Recorded data ::

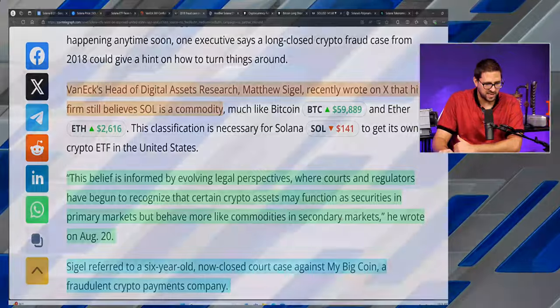Van Eck is pointing to this court case and saying we've already been through this — even though the MyBitcoin team tried to prove it was not a commodity, the judge ruled it actually is. So if a coin most people have never heard of, which was even fraudulent, was labeled a commodity, why would the second most valuable layer one in the space — with a booming ecosystem, tons of developers, a foundation, and DAOs — not also be labeled a commodity? That's the argument giving Matthew Siegel and Van Eck hope for ETF approval. Outside the U.S., good things are happening: another Solana ETF has been approved in Brazil.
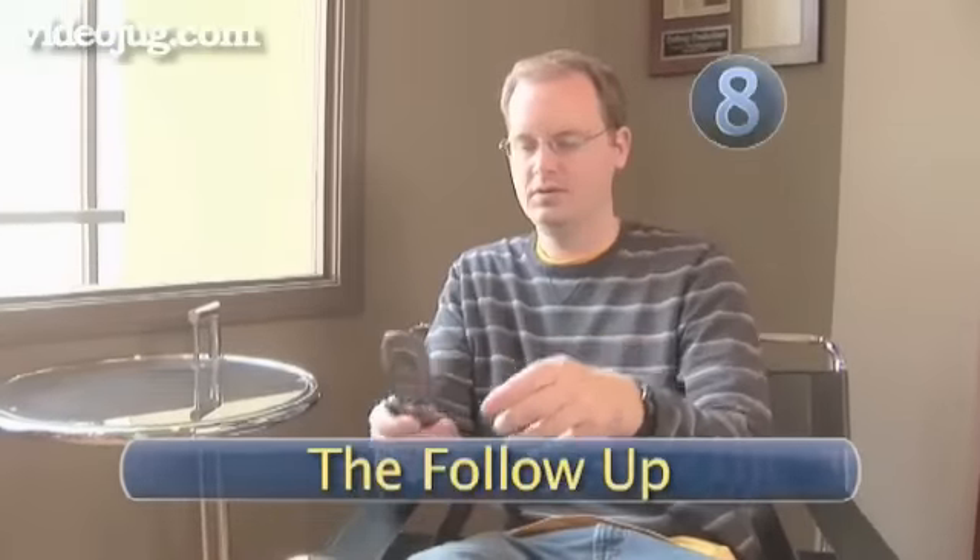Step 8: The follow-up. Two days after your interview, it is a good idea to follow up by phone or email. This is an opportunity to thank them for considering you and to let them know that you are very interested in the position.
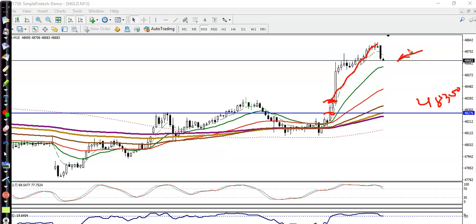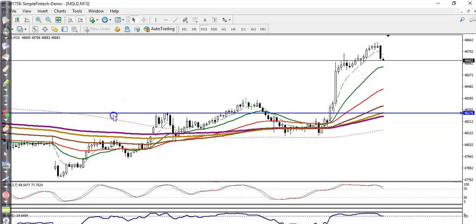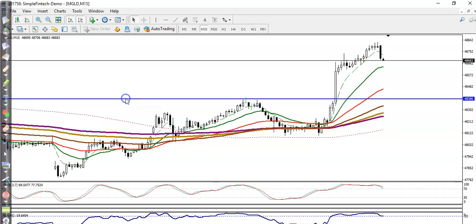Now the question is: can we go for a buy in this area? No, we can't enter because there's a probability it will retrace again. Let me show you the key swing point — the most recent swing point where price hit and reversed, which is now acting as a support.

What you need to do :: Copy the listing above verbatim, leaving out pictures.

Finished task ::
Van Eck is pointing to this court case and saying we've already been through this — even though the MyBitcoin team tried to prove it was not a commodity, the judge ruled it actually is. So if a coin most people have never heard of, which was even fraudulent, was labeled a commodity, why would the second most valuable layer one in the space — with a booming ecosystem, tons of developers, a foundation, and DAOs — not also be labeled a commodity? That's the argument giving Matthew Siegel and Van Eck hope for ETF approval. Outside the U.S., good things are happening: another Solana ETF has been approved in Brazil.
Step 8: The follow-up. Two days after your interview, it is a good idea to follow up by phone or email. This is an opportunity to thank them for considering you and to let them know that you are very interested in the position.
Now the question is: can we go for a buy in this area? No, we can't enter because there's a probability it will retrace again. Let me show you the key swing point — the most recent swing point where price hit and reversed, which is now acting as a support.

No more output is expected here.